══ Supplied data

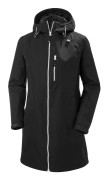 Helly Hansen W Long Belfast Jacket Navy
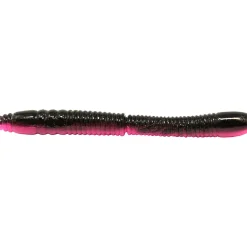 Omura Baits Wurmy (Schwarz / Dunkelpink)< Forellen-Kunstköder|Gummiköder ·Gummimaden & Gummiwürmer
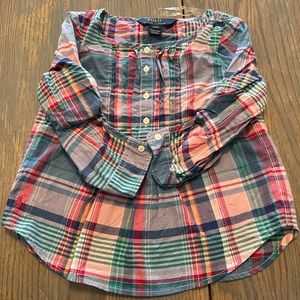Spring Plaid Shirt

════

Would you retype all the material above exactly, apart from its pictures?

 Helly Hansen W Long Belfast Jacket Navy
 Omura Baits Wurmy (Schwarz / Dunkelpink)< Forellen-Kunstköder|Gummiköder ·Gummimaden & Gummiwürmer
Spring Plaid Shirt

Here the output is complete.